[Opening Supplied data section]

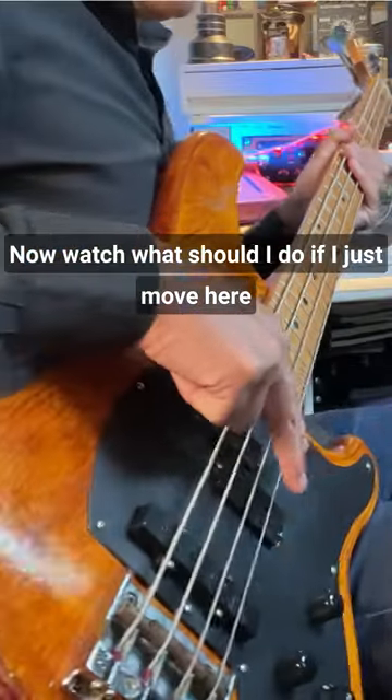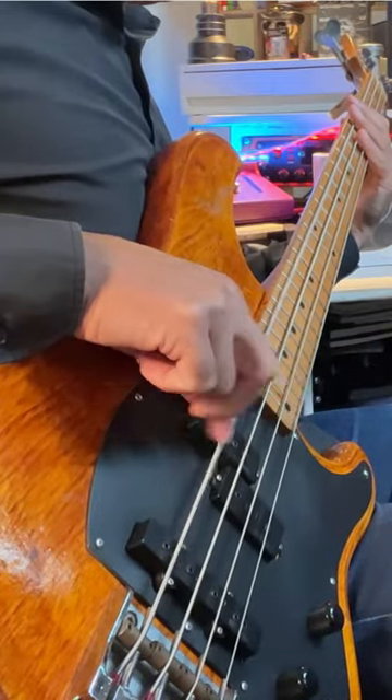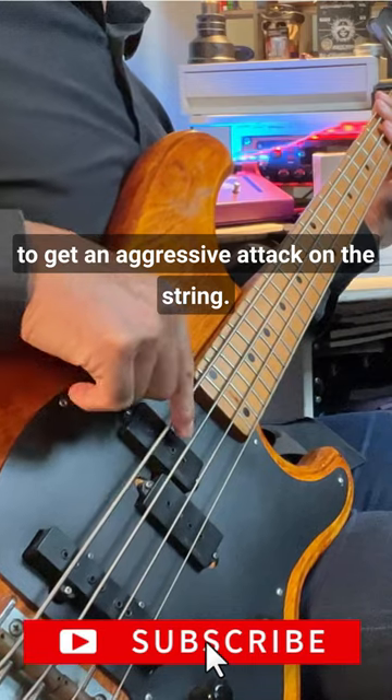Now watch what I do. If I just move here, if I'm playing in a rock style, I'm deliberately starting the pluck from quite high up to get an aggressive attack on the string.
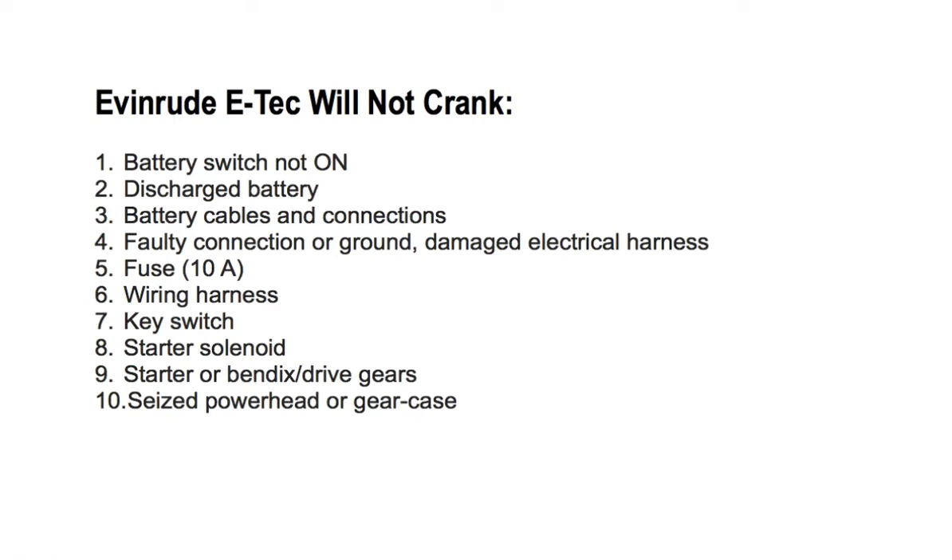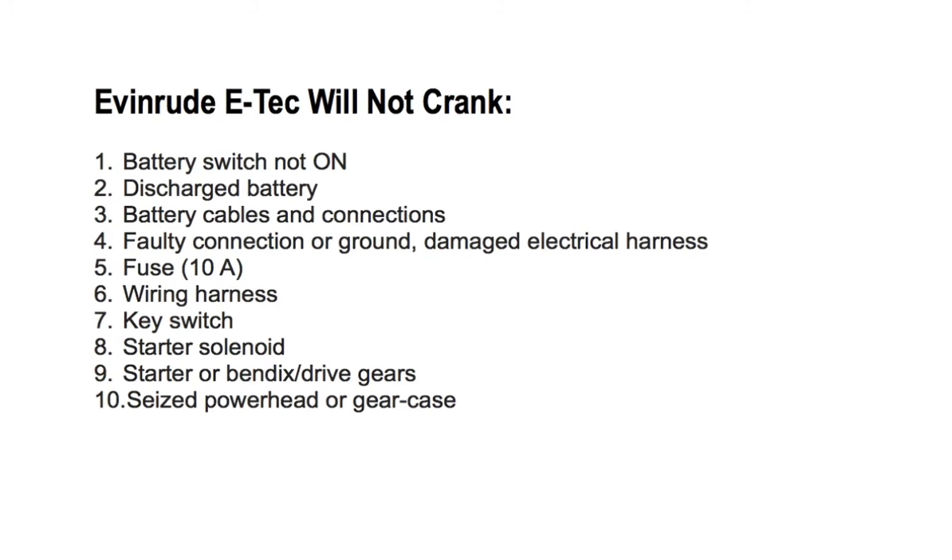Number seven: key switch — check key switch operation. Number eight: starter solenoid — check wiring and test the solenoid. Number nine: starter or drive gears — check the starter and inspect the drive gears.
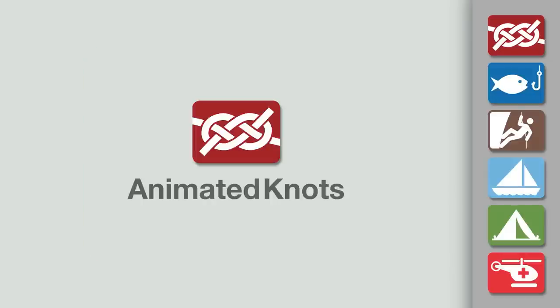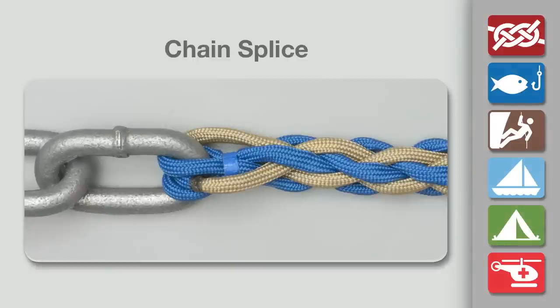Welcome to another knot tying demonstration from animatedknots.com. This video teaches you how to tie a chain splice.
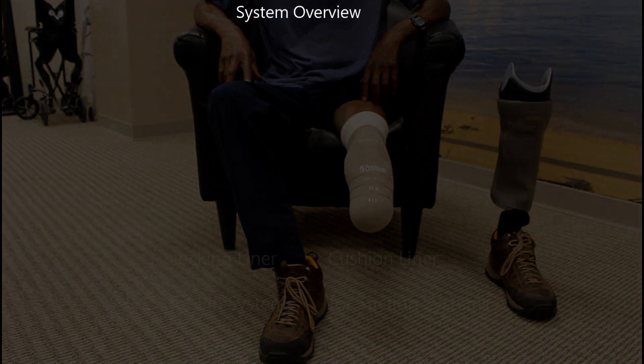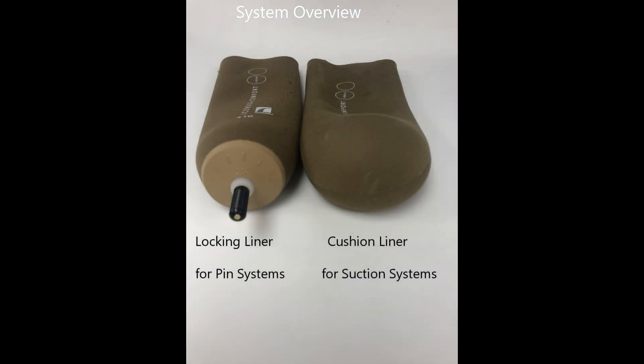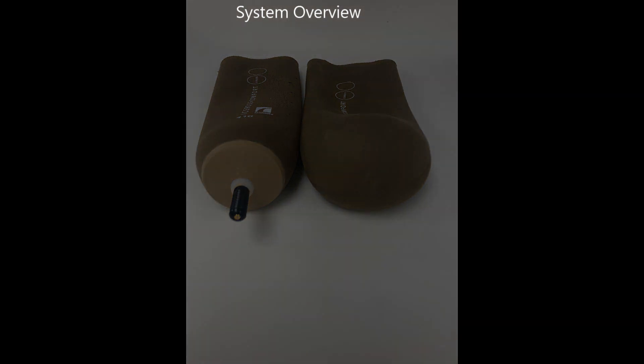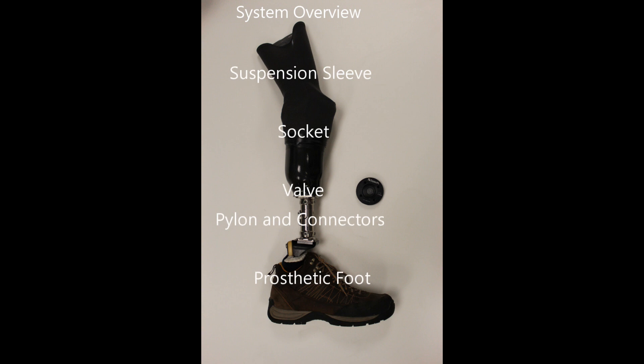A gel liner is worn on your limb, similar to a pin locking system, except that the liner used does not have any threaded receiver on the end of the liner. It is completely soft and flexible.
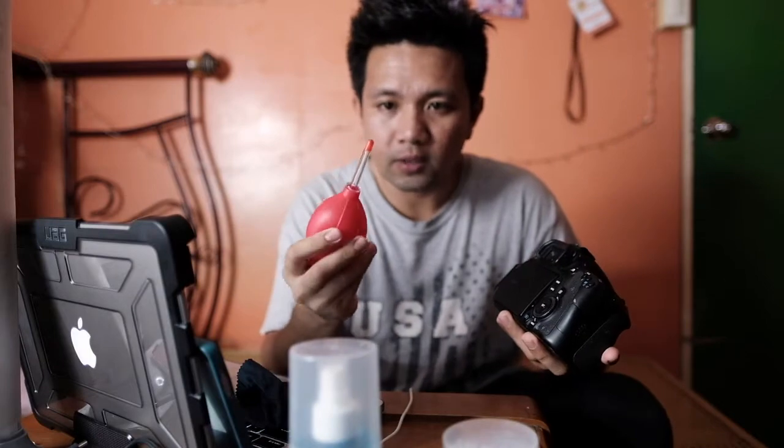The first thing we are going to do is blow the body to remove any dust — I can see a lot of dust here, especially on the bottom. Before you blow the camera, make sure you blow the blower a little bit first before using it on your camera body. There's a possibility that there's dust inside the blower, and instead of dust going out, you could be introducing new dust.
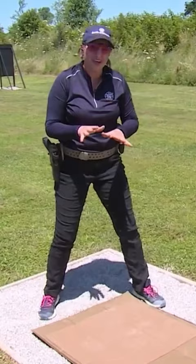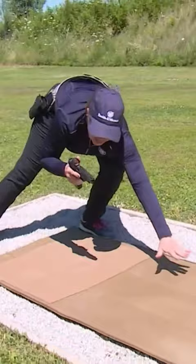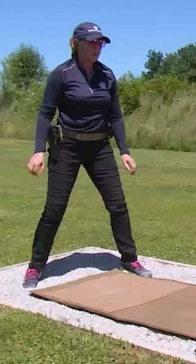The Superman way involves a lot of upper body strength. You're going to clear the holster first, come down, catch yourself with your arm, go into a plank, lower and shoot. Remember, you must clear the holster before you move into that prone position.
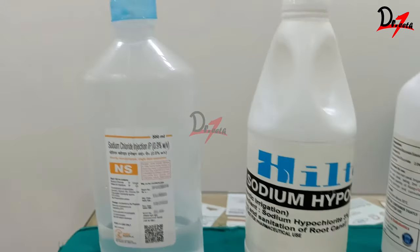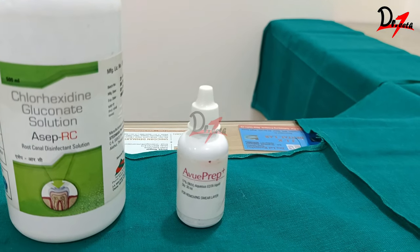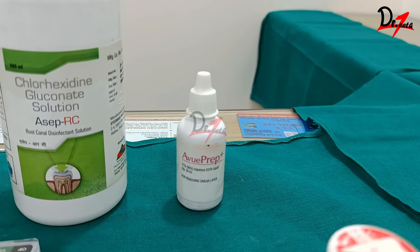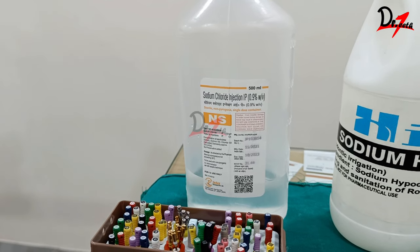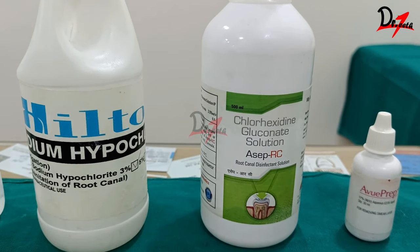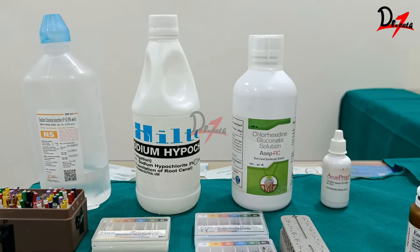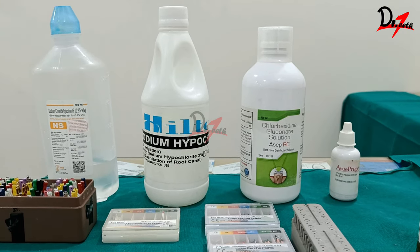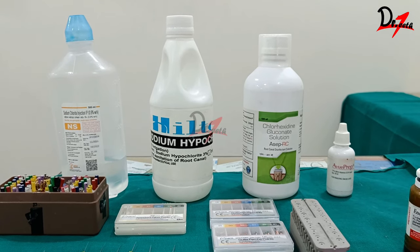After sodium hypochlorite, rinse with normal saline. Then use 17% EDTA as an irrigant to remove the inorganic portion of the smear layer, followed by normal saline to rinse out the EDTA. After that, use chlorhexidine gluconate as the final rinse, because it has the property of substantivity — meaning it can maintain antimicrobial efficacy within the root canal for a prolonged period of time.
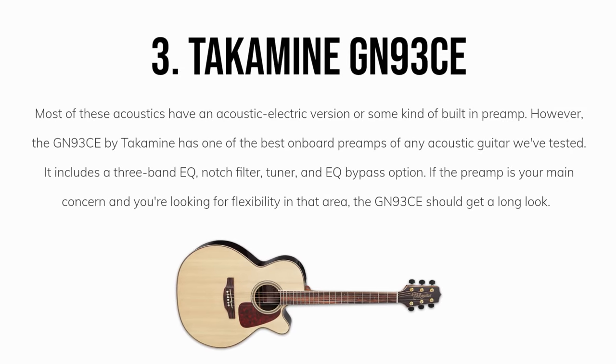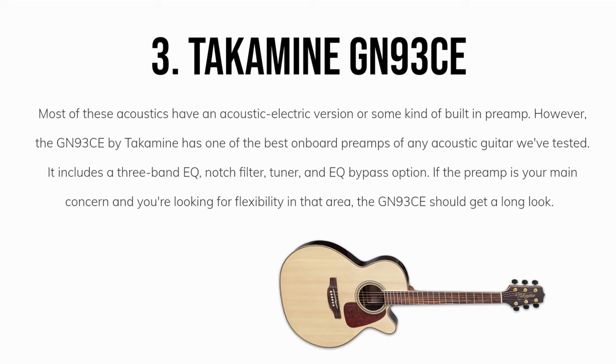Most of these acoustics have an acoustic-electric version or some kind of built-in preamp. However, the GNN93CE by Takamine has one of the best onboard preamps of any acoustic guitar we've tested. It includes a three-band EQ, notch filter, tuner, and EQ bypass option. If the preamp is your main concern and you're looking for flexibility in that area, the GNN93CE should get a long look.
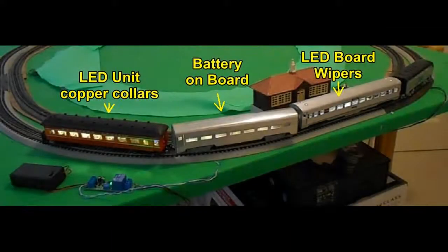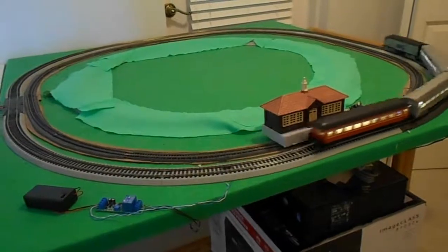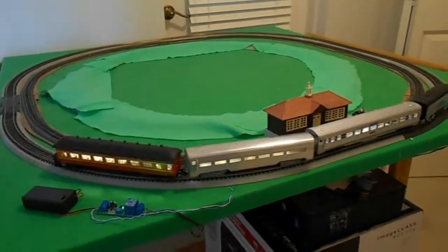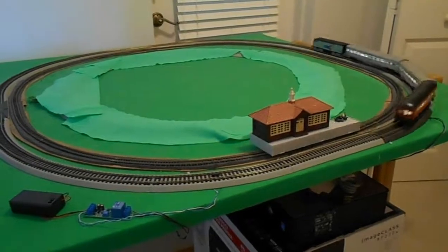Here on the test track are the three versions of the fairy light system set up in three passenger cars. The leading car is using the circuit board and has electric pickup already installed via wipers. The middle car is using the on-board battery. The last car has the assembled LED driver unit with copper collars on the wheels for pickup, and interior cabin seating along with passengers. The automatic stop module described in Project 17 is used here to stop the train at the station. You will notice that all the lights remain on when stopped, since only the locomotive's power is off.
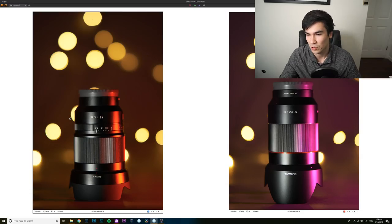Whether that's worth three times the price really depends on how you shoot and what you look for in an image. If you shoot wide open all the time, the G Master's image quality bump may well be worth it. If you're the type who uses flash more often and stops down to f/1.8, that lens can also deliver really good image quality. It depends what you value and what you want to spend your money on.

[Closing Supplied data section]

## Your task
Without the images, output all the entries exactly as they stand.

## Result for this exercise
Now watch what I do. If I just move here, if I'm playing in a rock style, I'm deliberately starting the pluck from quite high up to get an aggressive attack on the string.
Number seven: key switch — check key switch operation. Number eight: starter solenoid — check wiring and test the solenoid. Number nine: starter or drive gears — check the starter and inspect the drive gears.
Welcome to another knot tying demonstration from animatedknots.com. This video teaches you how to tie a chain splice.
A gel liner is worn on your limb, similar to a pin locking system, except that the liner used does not have any threaded receiver on the end of the liner. It is completely soft and flexible.
The first thing we are going to do is blow the body to remove any dust — I can see a lot of dust here, especially on the bottom. Before you blow the camera, make sure you blow the blower a little bit first before using it on your camera body. There's a possibility that there's dust inside the blower, and instead of dust going out, you could be introducing new dust.
The Superman way involves a lot of upper body strength. You're going to clear the holster first, come down, catch yourself with your arm, go into a plank, lower and shoot. Remember, you must clear the holster before you move into that prone position.
After sodium hypochlorite, rinse with normal saline. Then use 17% EDTA as an irrigant to remove the inorganic portion of the smear layer, followed by normal saline to rinse out the EDTA. After that, use chlorhexidine gluconate as the final rinse, because it has the property of substantivity — meaning it can maintain antimicrobial efficacy within the root canal for a prolonged period of time.
Most of these acoustics have an acoustic-electric version or some kind of built-in preamp. However, the GNN93CE by Takamine has one of the best onboard preamps of any acoustic guitar we've tested. It includes a three-band EQ, notch filter, tuner, and EQ bypass option. If the preamp is your main concern and you're looking for flexibility in that area, the GNN93CE should get a long look.
Here on the test track are the three versions of the fairy light system set up in three passenger cars. The leading car is using the circuit board and has electric pickup already installed via wipers. The middle car is using the on-board battery. The last car has the assembled LED driver unit with copper collars on the wheels for pickup, and interior cabin seating along with passengers. The automatic stop module described in Project 17 is used here to stop the train at the station. You will notice that all the lights remain on when stopped, since only the locomotive's power is off.
Whether that's worth three times the price really depends on how you shoot and what you look for in an image. If you shoot wide open all the time, the G Master's image quality bump may well be worth it. If you're the type who uses flash more often and stops down to f/1.8, that lens can also deliver really good image quality. It depends what you value and what you want to spend your money on.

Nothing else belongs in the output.